One of Delly’s other friends and classmates was a young woman named Victoria Morosini, daughter of banker Giovanni Morosini. Giovanni Morosini had fought with Garibaldi to unify Italy, and then came to the United States to make his fortune as a close ally of financier and robber-baron Jay Gould. Morosini’s daughter Victoria became a sensational celebrity in New York early in 1884. Victoria eloped with the family’s coachman, and her father reacted by disinheriting her. Public sentiment ran strongly in Victoria’s favor, supported by the idea that Morosini (and Jay Gould) had come from a humble background himself, and should have welcomed an honest, hard-working man into the family.
Delly O’Thayne must have had Victoria’s romantic experience on her mind when she met August W. Erwin, a well-dressed, educated older man with engaging manners. They eloped in November, 1884 and were married by a Methodist minister. Delly, who was Catholic, seemed not to care that Erwin was Jewish; nor did it matter to him. The father, Patrick O’Thayne, did not learn about the marriage for weeks. The young couple took rooms at the Allman House Hotel. Erwin apparently began asking Delly for money soon afterward. She believed that he was a salesman, but later discovered that he spent his time at race-tracks, gambling.
Others in the Allman House hotel reported hearing Erwin yell at and hit his bride. He pressured her to get money from her parent’s; and wanted Patrick O’Thayne to rent them a place at Newport, Rhode Island, the resort for New York’s wealthy. In June, 1885, Delly had had enough and left Erwin to go back to her father’s house. Patrick O’Thayne made plans to take his daughters away from New York on an extended trip back to his native Ireland. Delly went back to the Allman House to inform Erwin that she was leaving. Erwin restrained her, and told her that her ship’s departure time was an hour later than it really was; she missed the ship that carried her father and sister away.
Delly returned to Allman House the next day accompanied by her step-brother, with the intention of collecting her belongings, as she had resolved to leave Erwin. Erwin met the pair and told the brother he wanted to speak with Delly alone. In their rooms, Erwin sat down in a chair, leaned over to a drawer, and extracted a large pistol. Her turned it on Delly; she screamed and ran out of the room. Erwin followed her and fired at her in the hallway, striking her in the back.
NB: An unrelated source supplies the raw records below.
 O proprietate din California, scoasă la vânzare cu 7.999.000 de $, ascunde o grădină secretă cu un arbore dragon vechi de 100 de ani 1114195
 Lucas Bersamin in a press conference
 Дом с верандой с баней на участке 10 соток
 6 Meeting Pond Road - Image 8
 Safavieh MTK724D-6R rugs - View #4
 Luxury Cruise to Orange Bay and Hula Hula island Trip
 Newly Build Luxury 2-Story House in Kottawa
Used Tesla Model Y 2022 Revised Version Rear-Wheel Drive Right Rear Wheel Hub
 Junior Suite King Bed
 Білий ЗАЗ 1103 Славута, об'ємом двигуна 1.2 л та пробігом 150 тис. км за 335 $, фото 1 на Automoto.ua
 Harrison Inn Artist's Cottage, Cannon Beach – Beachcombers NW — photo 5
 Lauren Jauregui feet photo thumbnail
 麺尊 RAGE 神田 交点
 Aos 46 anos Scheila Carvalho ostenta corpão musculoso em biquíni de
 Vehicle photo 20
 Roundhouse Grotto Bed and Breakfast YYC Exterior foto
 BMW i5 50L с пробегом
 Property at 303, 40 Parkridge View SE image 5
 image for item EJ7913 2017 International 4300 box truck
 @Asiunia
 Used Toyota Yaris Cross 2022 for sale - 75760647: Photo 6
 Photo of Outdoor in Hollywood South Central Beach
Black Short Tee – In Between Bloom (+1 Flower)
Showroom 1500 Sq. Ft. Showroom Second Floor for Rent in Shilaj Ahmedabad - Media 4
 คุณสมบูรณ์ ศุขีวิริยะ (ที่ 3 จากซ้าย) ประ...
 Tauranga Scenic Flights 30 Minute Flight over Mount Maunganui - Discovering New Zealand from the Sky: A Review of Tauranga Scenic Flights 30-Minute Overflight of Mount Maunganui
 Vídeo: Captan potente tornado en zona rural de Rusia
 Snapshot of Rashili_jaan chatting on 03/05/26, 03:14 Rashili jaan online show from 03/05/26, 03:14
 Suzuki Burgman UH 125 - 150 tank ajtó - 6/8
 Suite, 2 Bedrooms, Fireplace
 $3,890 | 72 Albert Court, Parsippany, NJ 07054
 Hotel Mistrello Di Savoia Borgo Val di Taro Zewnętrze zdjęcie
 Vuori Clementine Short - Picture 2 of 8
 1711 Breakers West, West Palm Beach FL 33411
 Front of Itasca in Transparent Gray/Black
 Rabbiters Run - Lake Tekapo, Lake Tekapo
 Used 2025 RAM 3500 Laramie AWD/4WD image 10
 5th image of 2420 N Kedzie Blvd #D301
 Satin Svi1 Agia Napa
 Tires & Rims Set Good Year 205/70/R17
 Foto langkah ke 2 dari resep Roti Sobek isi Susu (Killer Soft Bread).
She was able to escape and collapsed in the room of another boarder.
A policeman and other lodgers searched the building for Erwin and found him slunk down in the far corner of a dark upper hallway. The officer approached warily, and as he came closer, Erwin turned the pistol on himself and shot himself in the abdomen.
The result was a newspaper scandal that equaled Victoria Morosini’s. Both Erwin and Delly survived their wounds, and Erwin was tried and convicted of assault with intent to kill. He was sent to Sing Sing on a five-year sentence, and was released in 1889.
Erwin apparently resided in Chicago between 1889 and 1893, but later returned to New York and was caught shoplifting in Bloomingdale’s in the summer of 1893; and again in Philadelphia at Bailey, Banks & Biddle in December 1893. For the latter crime, he was sent to the county penitentiary for 90 days. His fate following that is unknown.